Conta-se que, certo dia em Paris, a bela Heloísa, então com 17 anos, passeava com sua criada, Sibyle, pelas ruas da cidade quando se deparou com um grupo de alunos reunidos em torno de Pedro Abelardo, já considerado um dos maiores teólogos de sua época – o século 12. Nessa hora, o chapéu da jovem foi levado pelo vento, indo parar nos pés do professor. Este recolheu a peça e, ao devolvê-la, trocou o primeiro olhar com Heloísa. Foi o ponto de partida de uma trajetória amorosa que teria vastas conseqüências na história da literatura, da teologia e da filosofia.

Heloísa tornou-se discípula de Abelardo e ambos viveram um apaixonado romance, contra a vontade do tio e tutor da jovem, Fulbert. Tiveram um filho, Astrolábio, e se casaram secretamente em Paris, após muita resistência da jovem, que se recusava a se unir ao amado pelo matrimônio. Mas o tutor, inconformado, enviou homens para seqüestrar Abelardo, que foi castrado por eles. Puniram-no por onde pecara, como o teólogo diria mais tarde. Separado da amada, Abelardo se retirou para a vida de estudos, aulas e contemplação na abadia de Saint-Denis. Heloísa também entrou para a vida monástica, em profunda depressão.
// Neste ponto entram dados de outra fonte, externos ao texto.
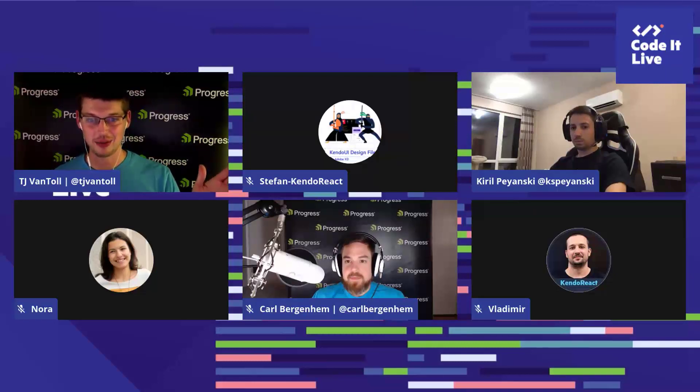I'm TJ VanToll, developer advocate on the KendoReact team. We'll do introductions: Stephan is on the KendoReact team and answers questions in support channels and forums. Kirio is a developer at KendoReact. Nora is the product marketing manager for KendoReact. Carl Bergenham is the product manager for KendoReact, and Vladimir is a developer working on KendoReact.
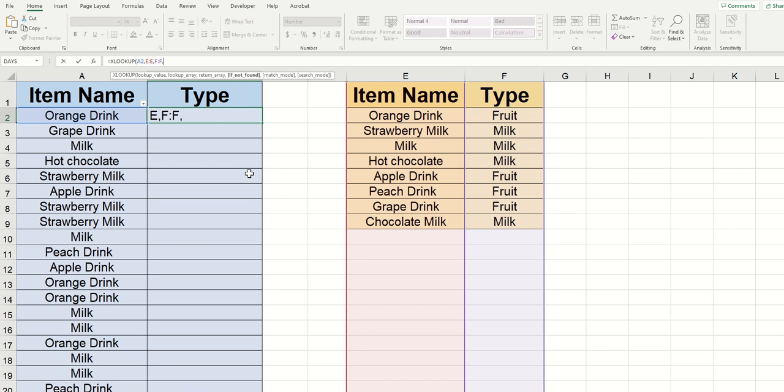Now this is a really cool argument because it's essentially letting you tell the XLOOKUP what to return if it doesn't find the value that you told it to look for inside of the table array. So if you want it to return a text, which is probably pretty common, you need to write it within quotations.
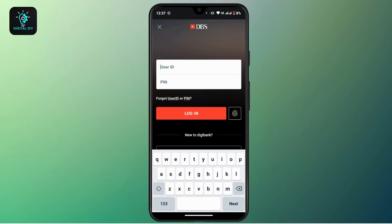Once you've typed in your user ID and PIN, tap the Login button, and if you have the correct login credentials you will be logged in to your DBS Bank mobile banking account. That's it for this video — hope it was helpful. If you're new to our channel, consider subscribing. Thanks for watching and stay tuned for more videos.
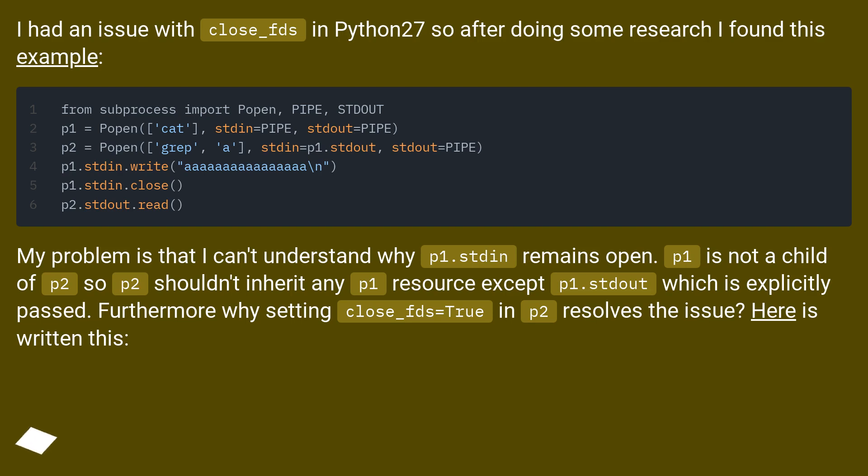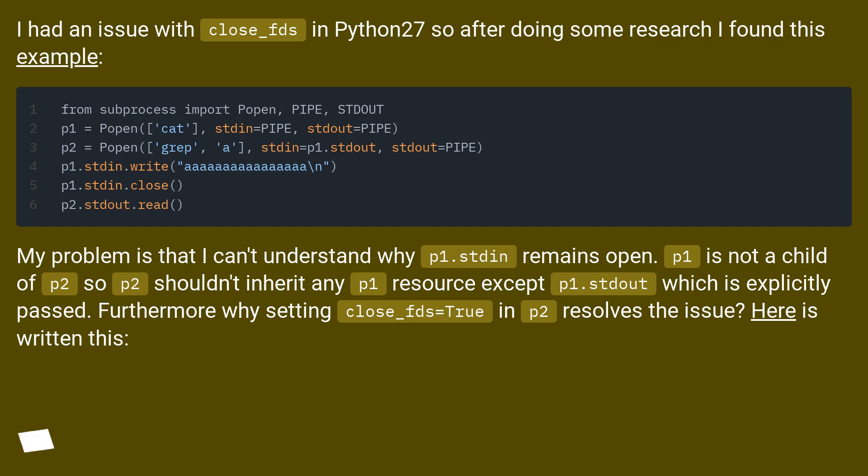My problem is that I can't understand why p1.stdin remains open. p1 is not a child of p2, so p2 shouldn't inherit any p1 resource except p1.stdout which is explicitly passed. Furthermore, why does setting close_fds=True in p2 resolve the issue? Here is written:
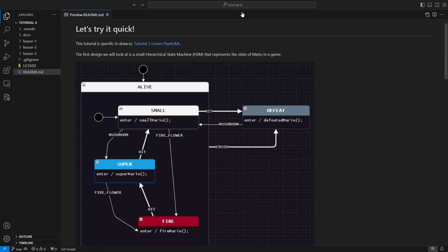Hey everyone, we've got a brand new tutorial here which covers using StateSmith with draw.io. We already have a really good tutorial, tutorial number three, which covers PlantUML. If you're more interested in PlantUML, that's cool, go check it out. Tutorial three and four follow basically the same layout, it's just how you choose to diagram.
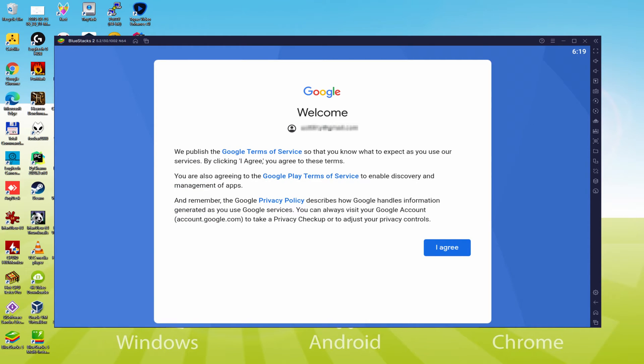That's it, details typed. Below is Google welcoming us and offering us their terms. We must say yes to them by clicking on I agree.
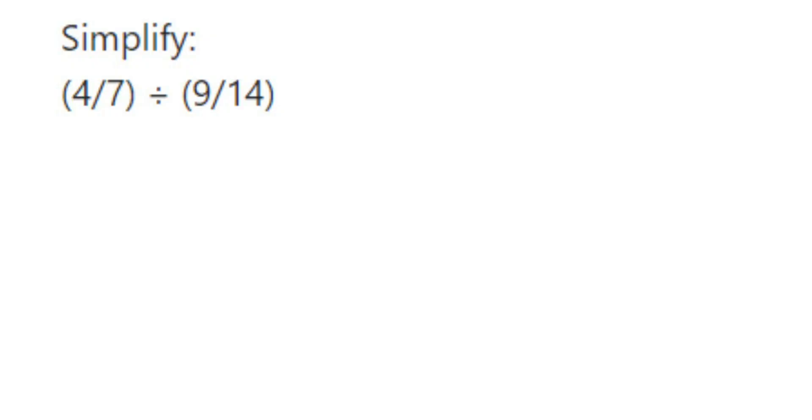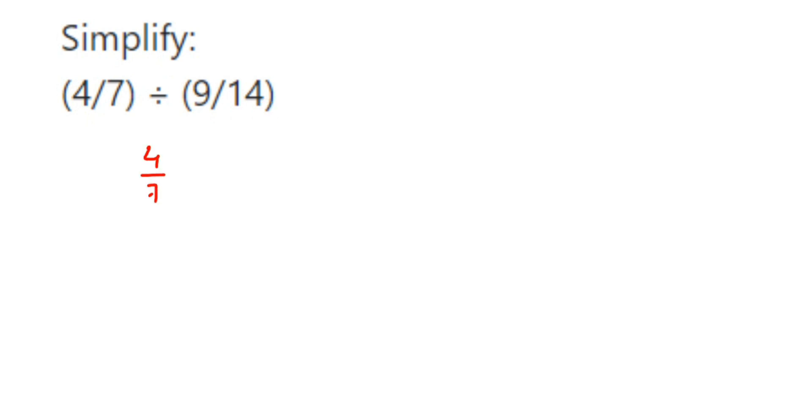Hey everyone, this question is on fractions. The question is simplify 4/7 divided by 9/14. So you're dividing two fractions here, 4/7 divided by 9/14.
Por muito tempo não mais se falaram. Comunicavam-se apenas através de cartas, nas quais lembravam com nostalgia o grande amor que viveram e discutiam os principais problemas filosóficos e teológicos da época. “Tu sabes a quais torpezas minha paixão desmedida consagrara nossos corpos. Nem o respeito pela decência nem por Deus, mesmo nos dias da Paixão do Senhor ou das maiores solenidades, me retinha de rolar nessa lama”, escreve Abelardo numa de suas epístolas. “Eu, Deus o sabe, eu não teria hesitado em te seguir ou em te preceder no inferno se me tivesses ordenado a fazê-lo. Não era comigo que estava meu coração, mas contigo. E ainda agora, e mais que nunca, se ele não está contigo, não está em parte alguma, pois lhe é impossível ser sem ti”, declara Heloísa (leia ao lado dois exemplos dessa célebre correspondência).
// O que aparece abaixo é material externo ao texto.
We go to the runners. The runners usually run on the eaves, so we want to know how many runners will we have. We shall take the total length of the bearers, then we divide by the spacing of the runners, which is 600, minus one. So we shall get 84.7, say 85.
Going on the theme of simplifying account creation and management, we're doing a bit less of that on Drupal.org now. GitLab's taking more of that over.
Ao longo dos séculos, as cartas de Abelardo e Heloísa foram estudadas e comentadas pelos principais especialistas na chamada Idade Média, entre eles o francês Étienne Gilson, que em 1937 proferiu, no Collège de France, em Paris, uma série de lições sobre os dois amantes do século 12. Essas lições se transformaram no livro Heloísa e Abelardo, que, publicado pela primeira vez na França em 1938, é lançado agora no Brasil pela Editora da USP (Edusp). “A correspondência que trocaram é suficientemente importante para que Gilson possa dizer que dela depende toda nossa compreensão do século 12”, afirma o professor José Carlos Estêvão, do Departamento de Filosofia da Faculdade de Filosofia, Letras e Ciências Humanas (FFLCH) da USP, que assina a apresentação do livro, lembrando que o trabalho de Gilson é “a mais fina análise” já feita das mensagens trocadas entre os dois amantes.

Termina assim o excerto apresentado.